Po co są szkoły? Oczywiste pytanie stanie się nie tak oczywiste, jeżeli umieścimy je w XXI wieku. Kilkadziesiąt lat temu szkoła była ostoją wiedzy, oknem na świat, swoistym bankiem edukacyjnym. Posiadała pomoce naukowe niedostępne w domu (taki ścienne atlasy czy nawet globusy rzadko kiedy były wyposażeniem domów). Slajdy, przezrocza, plansze…
Sam nauczyciel był encyklopedią, pokazywał świat nieznany z domu, co cudownie zauważył Zbigniew Herbert w wierszu „Pan od przyrody”:
on nas wprowadził
przez złoty binokular
w intymne życie
naszego pradziadka
pantofelka
Dziś jest zgoła inaczej. Miejsce encyklopedii zajęła Wikipedia. Świat raczej przybliży nam program podróżniczy (od Neli rozpoczynając) niż pan/pani od geografii. Angielskiego nauczymy się dzięki minecraftowi, a historia – tylko Bez cenzury… Edukacja młodych przebiega dwutorowo – chodzą do szkoły, ale uczą się także w ciekawszym dla nich świecie w Internecie.

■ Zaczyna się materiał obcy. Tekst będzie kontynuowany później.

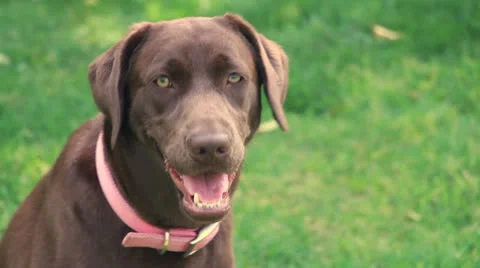 Chocolate labrador Stock Footage 22465916
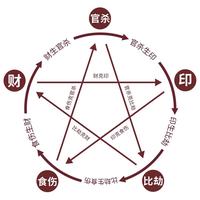 命理十神變動解析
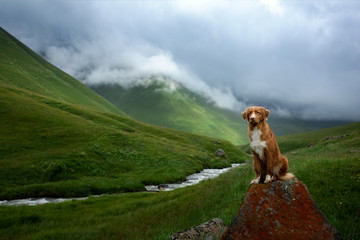 Mountain landscape with a dog. A trip to Georgia. Pet on a background of beautiful nature. Nova Scotia Retriever on a trip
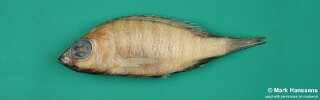 Placidochromis ecclesi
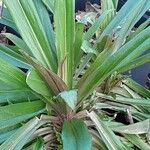 Digitalis ferruginea Leaf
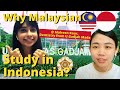 Why Malaysian Study in Indonesia? Kenapa orang Malaysia kuliah di Indonesia?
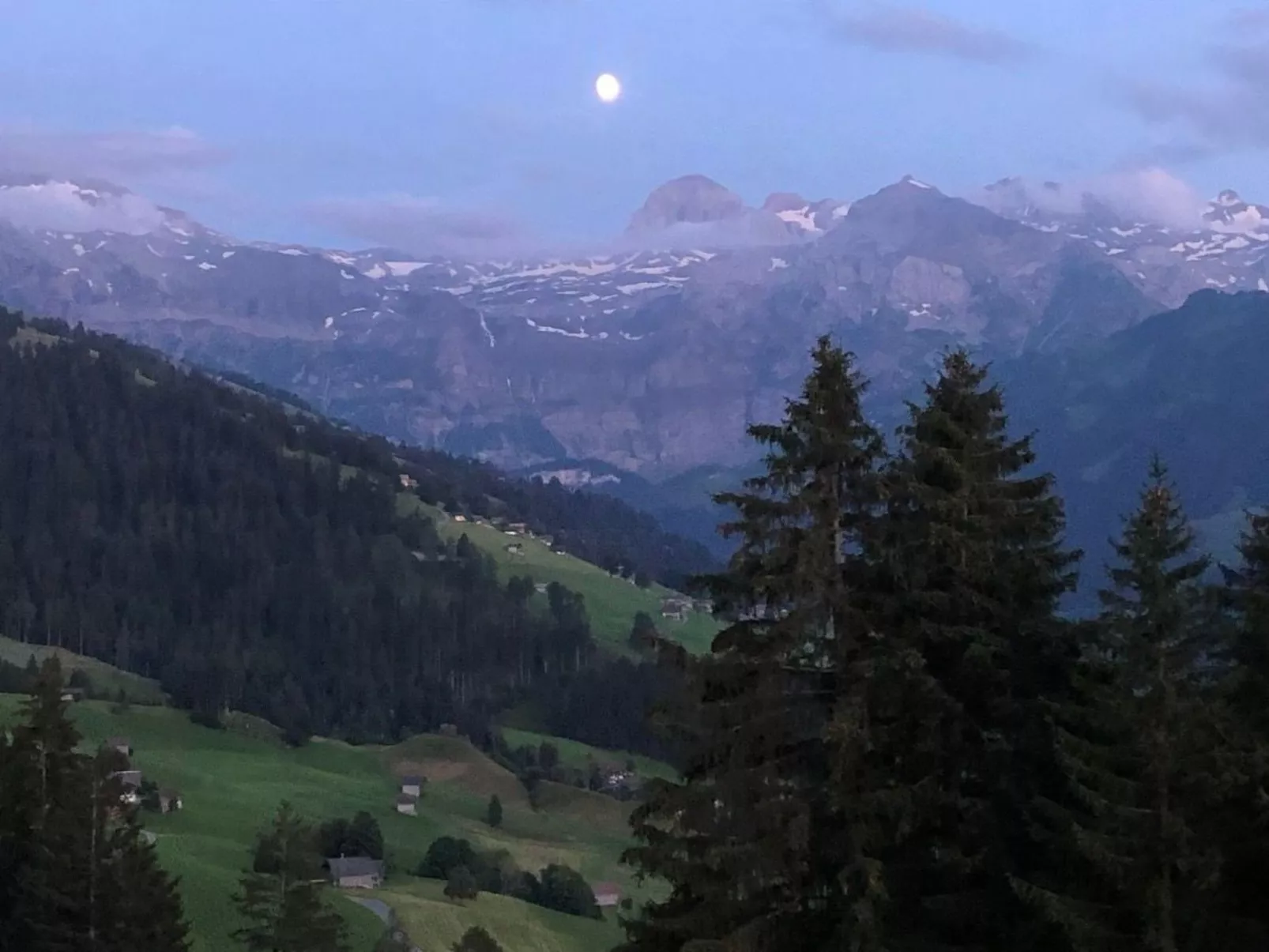 Waldweid-Image-tags.info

Informatyka jest na pozycji wyjątkowej, gdyż należy jej uczyć w oparciu o urządzenia, komputery. Zazwyczaj te, które oferuje uczniowi szkoła, to komputery nienadające się jeszcze do muzeum (polecam http://www.muzeumkomputerow.edu.pl/ ), ale też coraz mniej pozwalające na uczenie (jeszcze w tym roku miałem dwie jednostki z przestrzenią RAM 512 MB). Komputery, którymi dysponują nasi uczniowie w swoich domach zazwyczaj wyprzedzają szkolne o kilkanaście lat… Co więcej – większość z nich oparta jest o powszechnie używany system operacyjny Windows. Tak jest, bo nie kupisz komputera bez systemu, a innego nie ma… I tu właśnie znalazłem miejsce na powrót do szkoły ciekawszej od tego, co uczniowie mają w domu. Trudno uczyć o Windowsie kogoś, kto pracuje na tymże systemie od kilku lat. Co innego taki Linux!

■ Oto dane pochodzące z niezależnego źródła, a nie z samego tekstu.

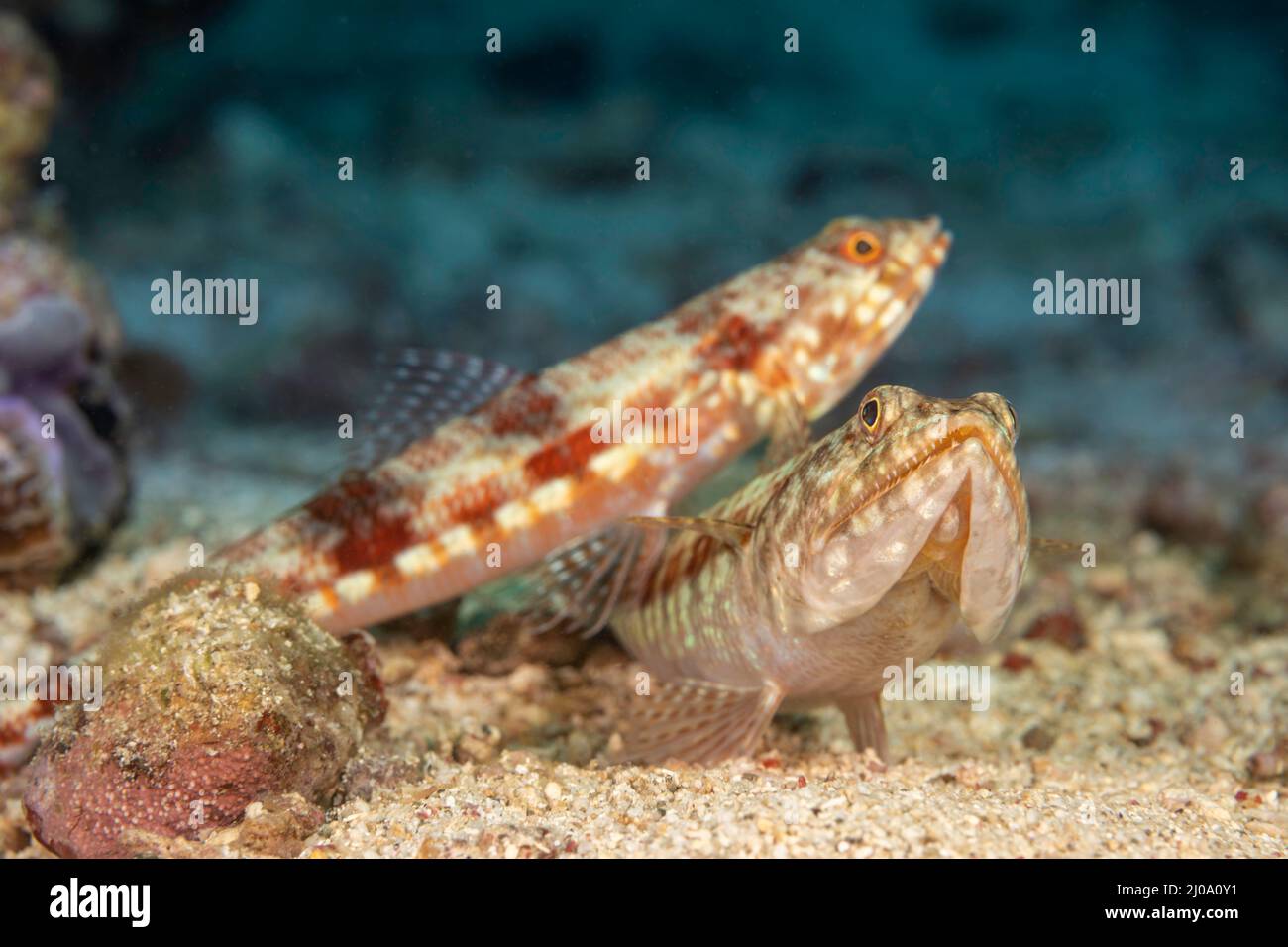 Un paio di pesci lucertola variegati, Synodus variegatus, chiamato anche un pesce lucertola, Filippine. Foto Stock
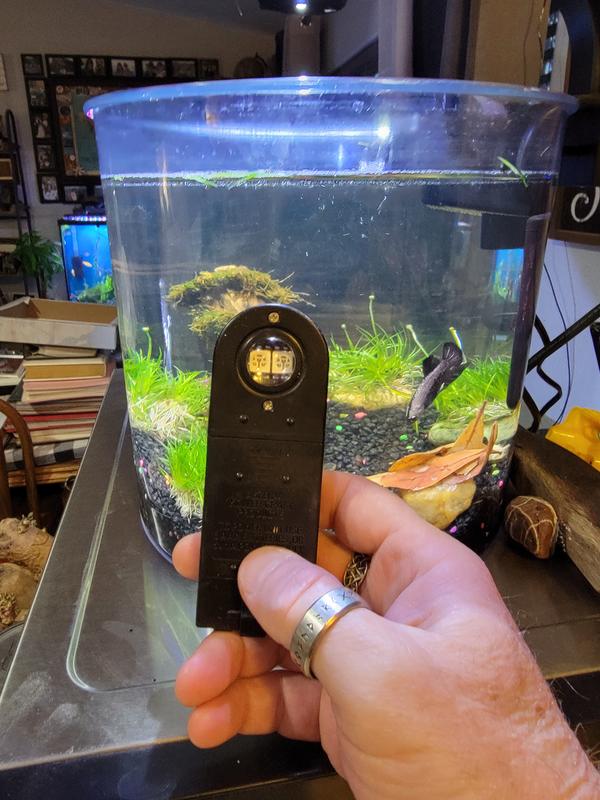 This is the 2 LED light that comes with the tank that stopped working after day 3 or 4. It goes out after 10-15 seconds of being on. It's currently on can't you tell?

To właśnie był punkt wyjścia – pokazać uczniom coś, czego nie mają (lub mają w małej ilości). Otworzyć im drzwi do trochę innego świata, w którym, tak przynajmniej sądzę, realizowane są pierwsze założenia Internetu: tworzenie społeczności wsparcia i wymiany niepołączonej z pieniędzmi. Pokazać świat tworzony przez pasjonatów, dostępny na zasadach open source. Myślałem także, że instalacja linuxa to czysta oszczędność RAM – sam Windows xp zjada go całkiem sporo. Poczułem miętę…
Ostatecznie w pracowni komputerowej mojej szkoły stanął serwer firmy ABIX oparty na systemie Linux Mint, obsługujący 24 stanowiska. Inwestycja stosunkowo tania: miałem swój całkiem dobry komputer, do którego został dokupiony szybki dysk SSD, większość jednostek centralnych była wystarczająca dla Linuxa (niewystarczająca dla Windowsa). Dokupiłem switch, trzeba było kilka kabli internetowych pociągnąć i tyle. Od września sala pracuje na linuksowym serwerze.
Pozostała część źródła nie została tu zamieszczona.